*** Begin section ***
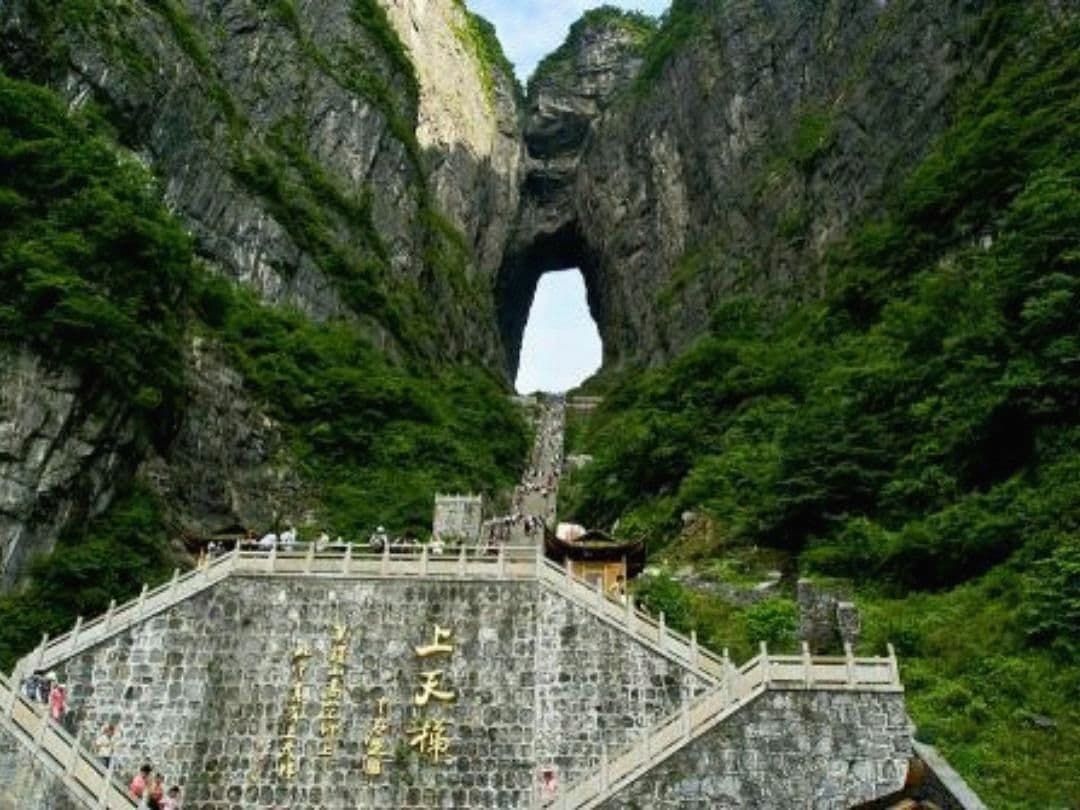zhangjiajie tielu hotei
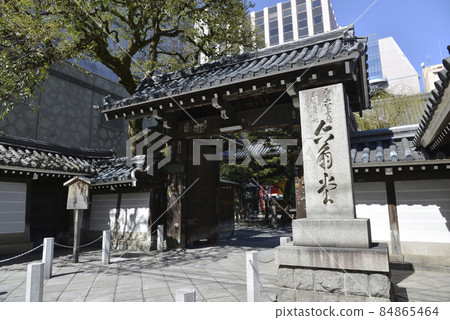 京都市中京區六角堂山門 京都市中京區六角堂山門 84865464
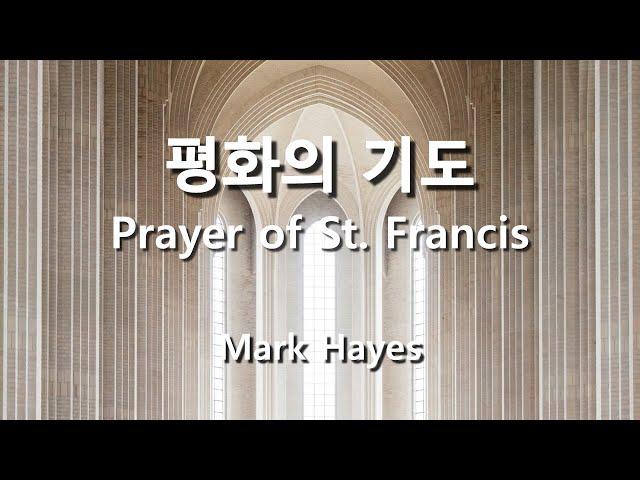 평화의 기도 ( Prayer of St. Francis ) / Arr. Mark Hayes  #기도합창 #기도찬양  #묵상찬양 #hymn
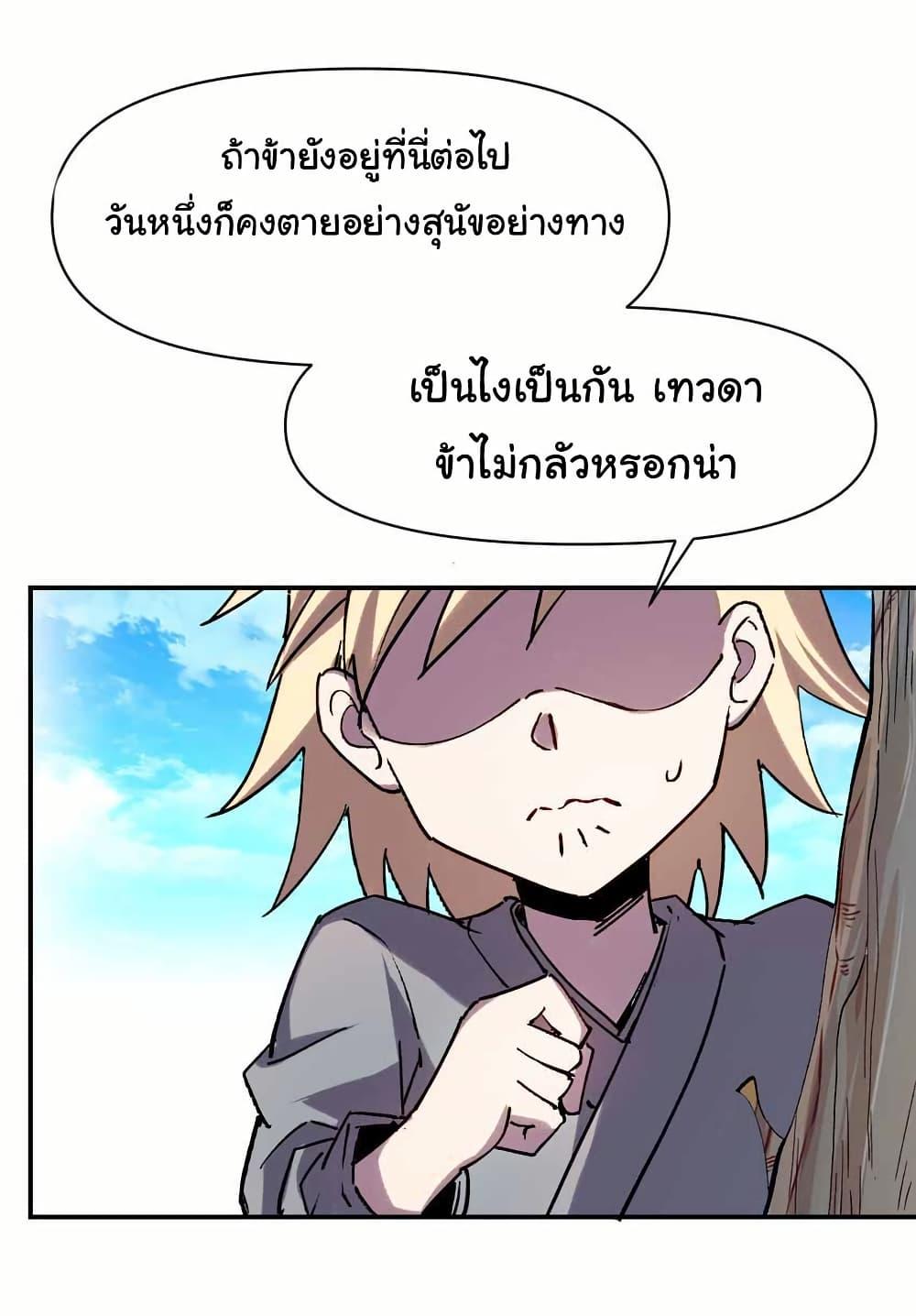 Manga-lc-com อ่านมังงะ อ่านการ์ตูน ออนไลน์ ฟรี I Only Know Imperial Swordsmanship ตอนที่ 1 2 3 4 5 6 7 8 9 10 11 12 13 14 ฟรี ไม่มีโฆษณา Manga-lc - อ่าน มังงะ อ่าน การ์ตูน ออนไลน์ อ่านมังงะ ฟรี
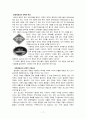 청정원 IMC전략과 마케팅전략제안 18페이지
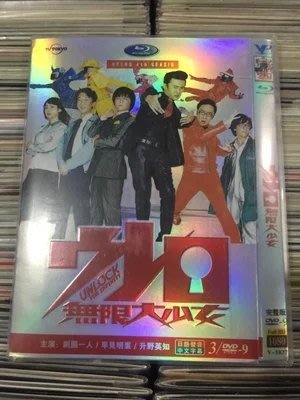 買二送一 日劇無限大少女3d9 高清版劇團一人 升野英知 早見明里dvd Yahoo奇摩拍賣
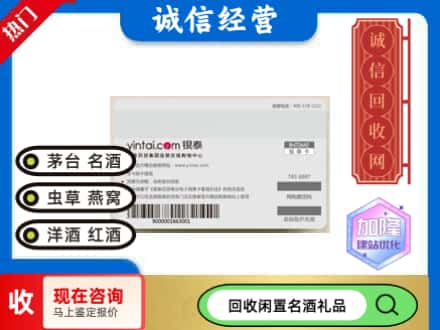 肃南县回收银泰购物卡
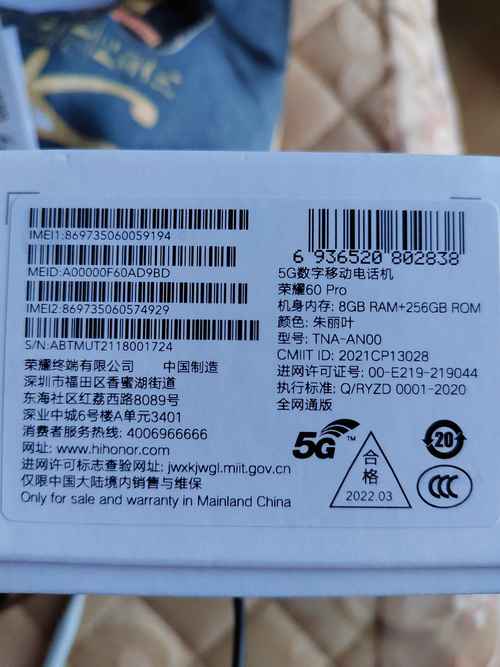 华为手机初始密码是多少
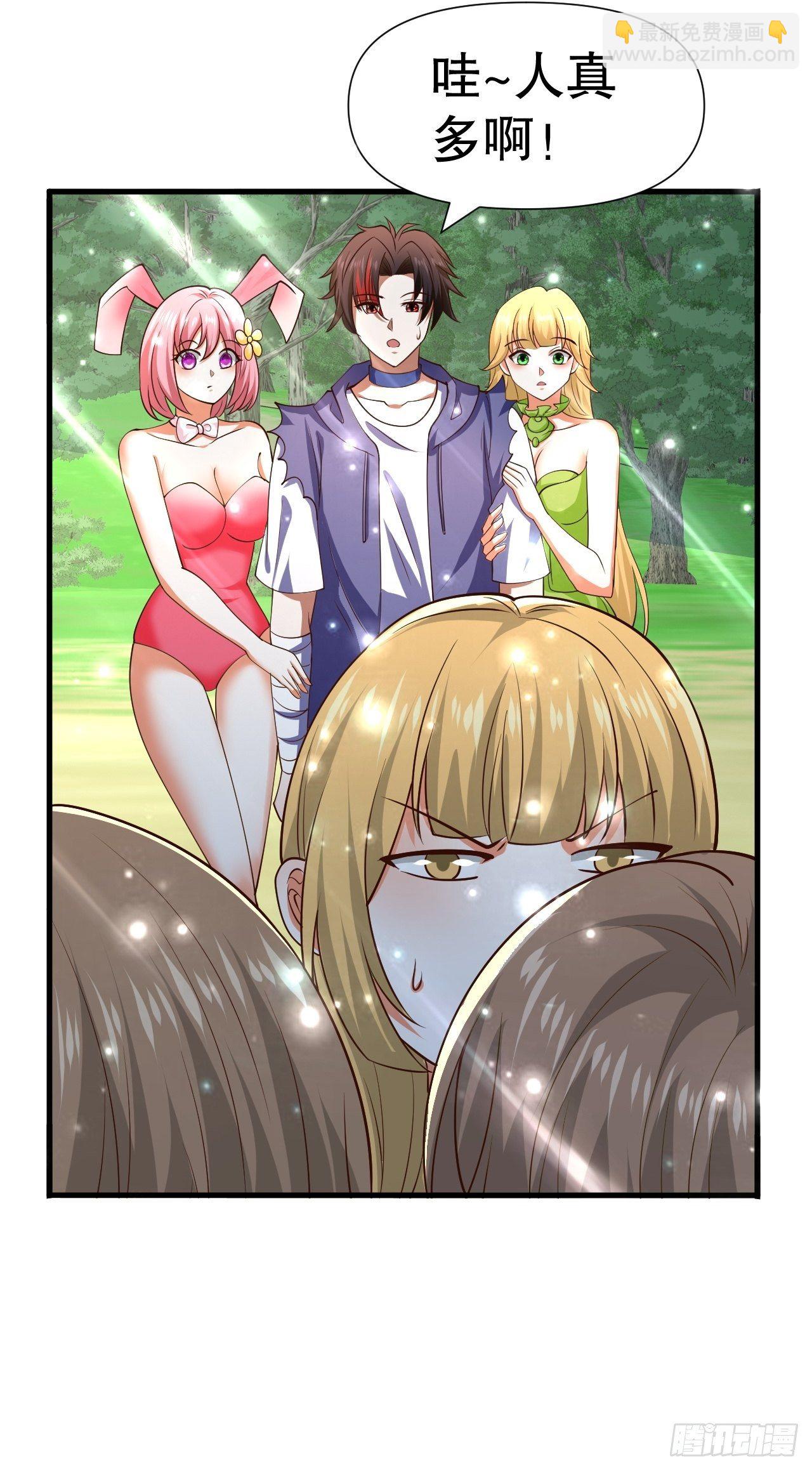 62 不装了(1/2)-第64话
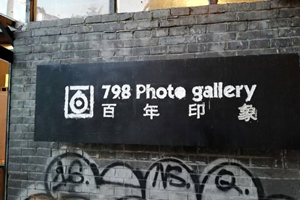 798 Photo Gallery,798 Art District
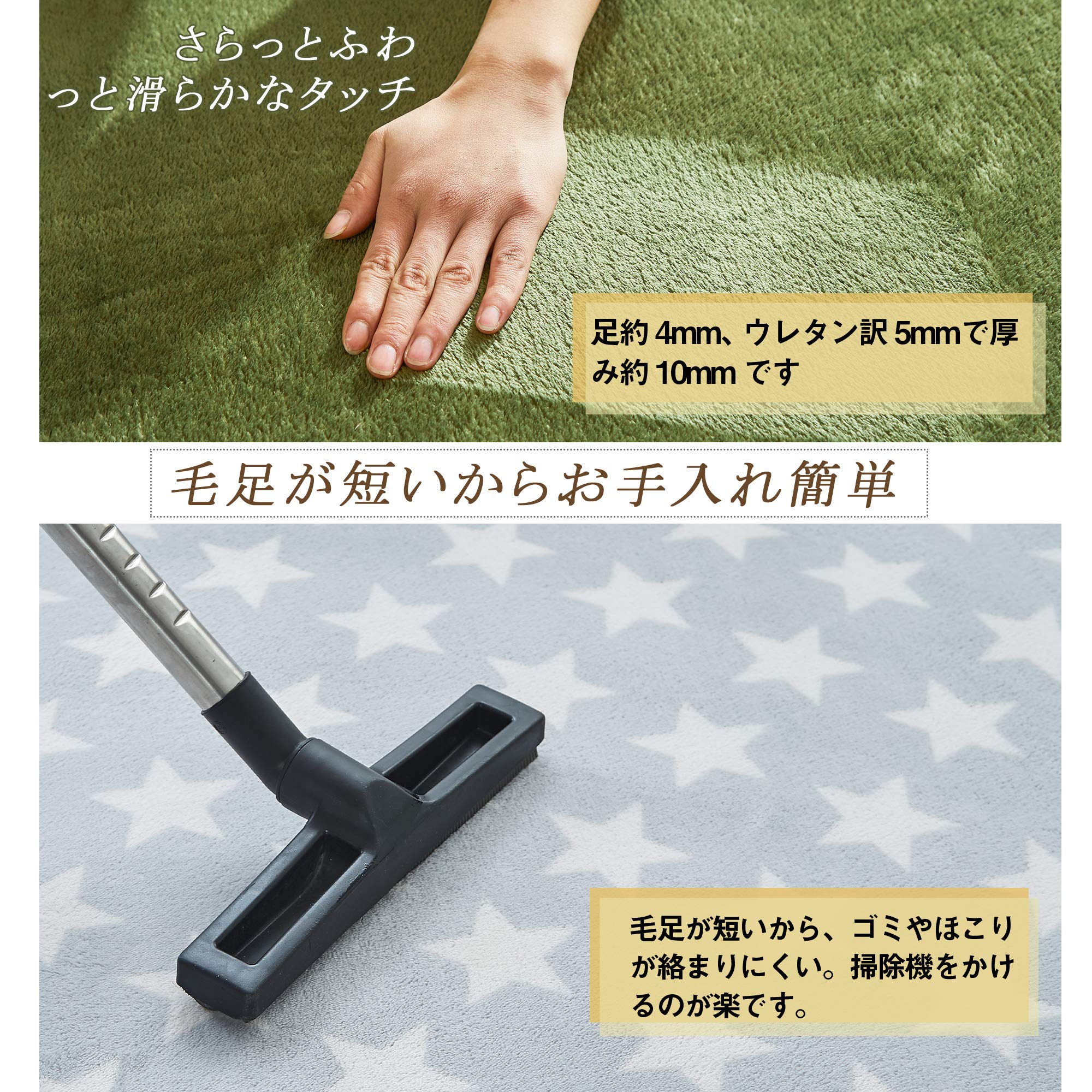 ヴィンデージ　ラグ　136×81cm Amazon｜VK Living カーペット ラグ ラグマット 絨毯 135×185cm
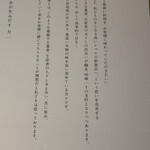 馳走 啐啄一十  - 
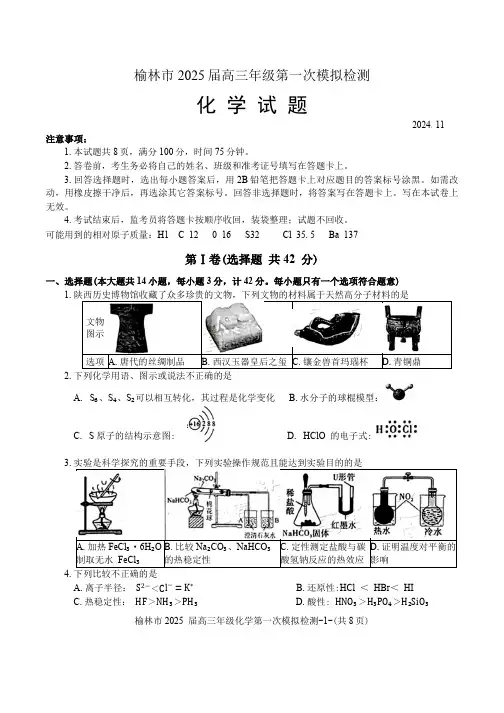 陕西省榆林市2025届高三年级第一次模拟检测一模化学试卷(含答案)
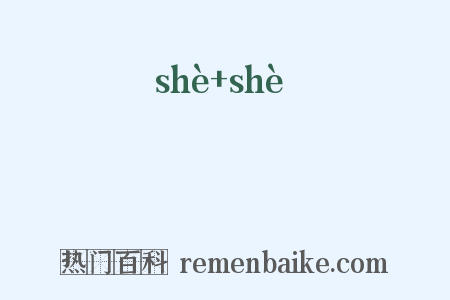 摵摵是什么意思的图片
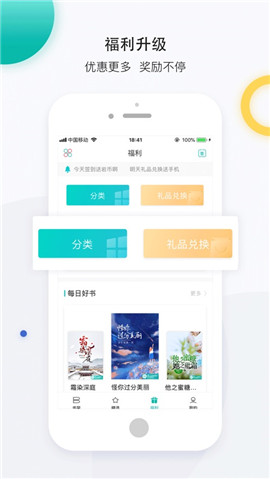 若初文學(xué)IOS版下載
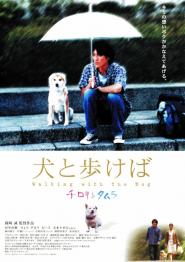 Walking with the Dog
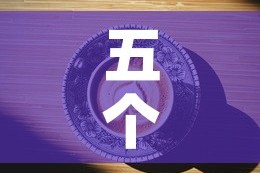 分享实测“微信群炸 金花房间链接”详细房卡教程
*** End section ***
Work required:
Every entry above is to be set down exactly; the pictures are to be left out.

Response area:
zhangjiajie tielu hotei
 京都市中京區六角堂山門 京都市中京區六角堂山門 84865464
 평화의 기도 ( Prayer of St. Francis ) / Arr. Mark Hayes  #기도합창 #기도찬양  #묵상찬양 #hymn
 Manga-lc-com อ่านมังงะ อ่านการ์ตูน ออนไลน์ ฟรี I Only Know Imperial Swordsmanship ตอนที่ 1 2 3 4 5 6 7 8 9 10 11 12 13 14 ฟรี ไม่มีโฆษณา Manga-lc - อ่าน มังงะ อ่าน การ์ตูน ออนไลน์ อ่านมังงะ ฟรี
 청정원 IMC전략과 마케팅전략제안 18페이지
 買二送一 日劇無限大少女3d9 高清版劇團一人 升野英知 早見明里dvd Yahoo奇摩拍賣
 肃南县回收银泰购物卡
 华为手机初始密码是多少
 62 不装了(1/2)-第64话
 798 Photo Gallery,798 Art District
 ヴィンデージ　ラグ　136×81cm Amazon｜VK Living カーペット ラグ ラグマット 絨毯 135×185cm
 馳走 啐啄一十  - 
 陕西省榆林市2025届高三年级第一次模拟检测一模化学试卷(含答案)
 摵摵是什么意思的图片
 若初文學(xué)IOS版下載
 Walking with the Dog
 分享实测“微信群炸 金花房间链接”详细房卡教程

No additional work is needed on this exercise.